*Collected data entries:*
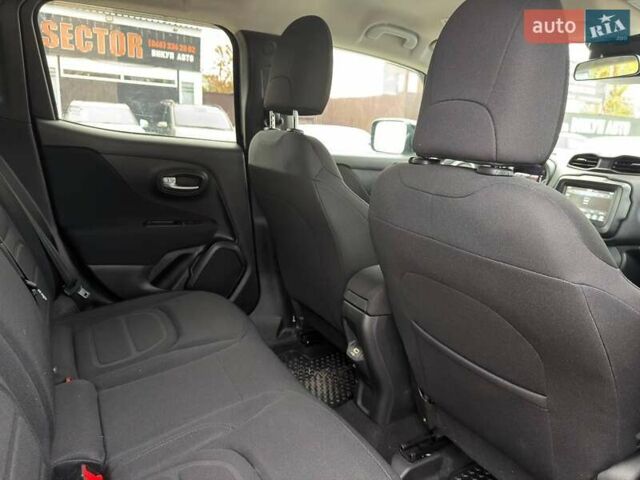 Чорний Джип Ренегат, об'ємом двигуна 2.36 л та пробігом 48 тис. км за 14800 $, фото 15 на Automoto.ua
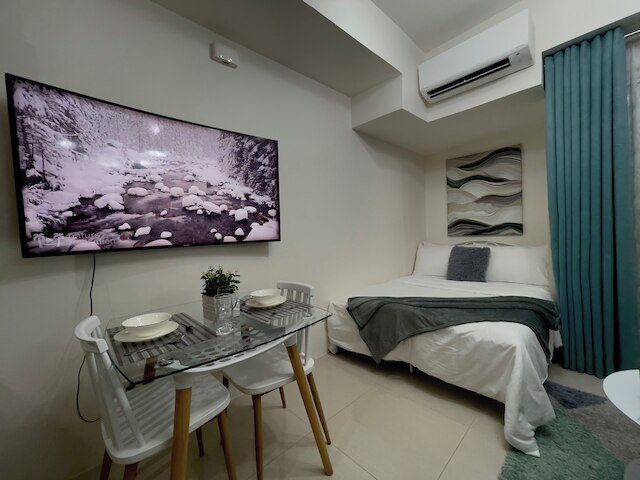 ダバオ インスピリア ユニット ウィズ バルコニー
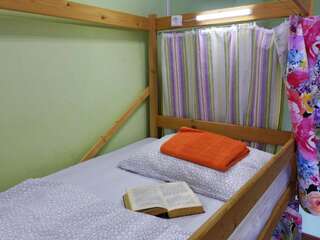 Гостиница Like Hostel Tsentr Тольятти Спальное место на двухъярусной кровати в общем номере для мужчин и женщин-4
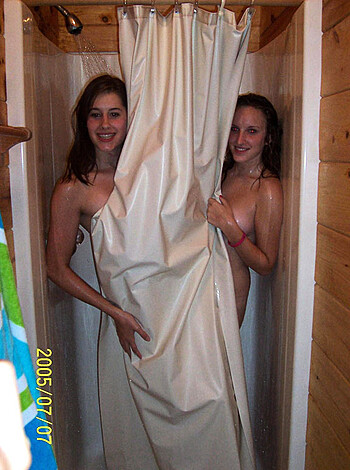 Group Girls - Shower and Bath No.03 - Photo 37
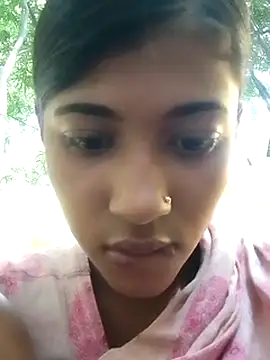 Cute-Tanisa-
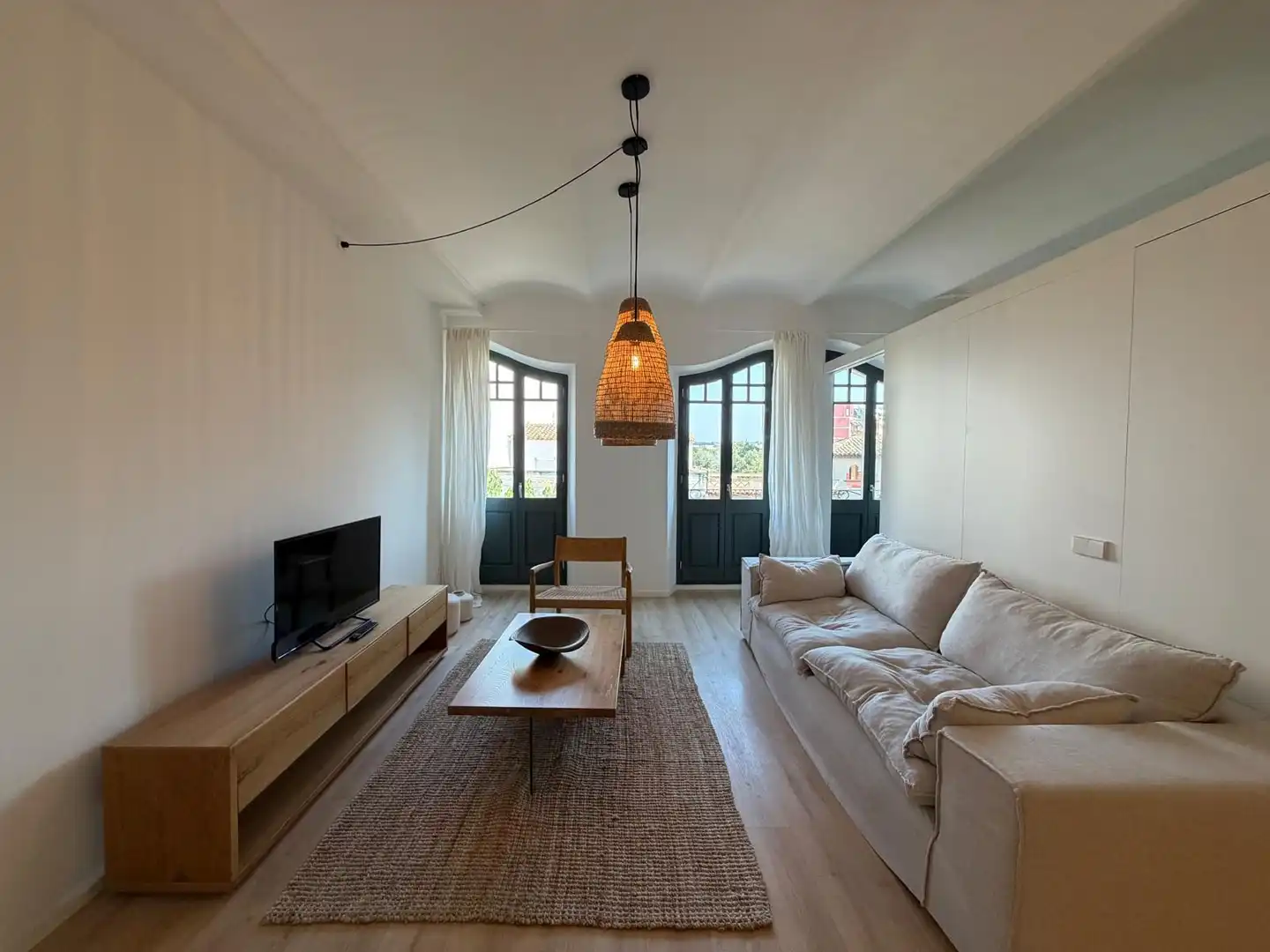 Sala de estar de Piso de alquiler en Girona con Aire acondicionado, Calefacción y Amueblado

*What the task requires:* All of the data is to be returned exactly, with no pictures included.

*Problem solution:*
 Чорний Джип Ренегат, об'ємом двигуна 2.36 л та пробігом 48 тис. км за 14800 $, фото 15 на Automoto.ua
 ダバオ インスピリア ユニット ウィズ バルコニー
 Гостиница Like Hostel Tsentr Тольятти Спальное место на двухъярусной кровати в общем номере для мужчин и женщин-4
 Group Girls - Shower and Bath No.03 - Photo 37
 Cute-Tanisa-
 Sala de estar de Piso de alquiler en Girona con Aire acondicionado, Calefacción y Amueblado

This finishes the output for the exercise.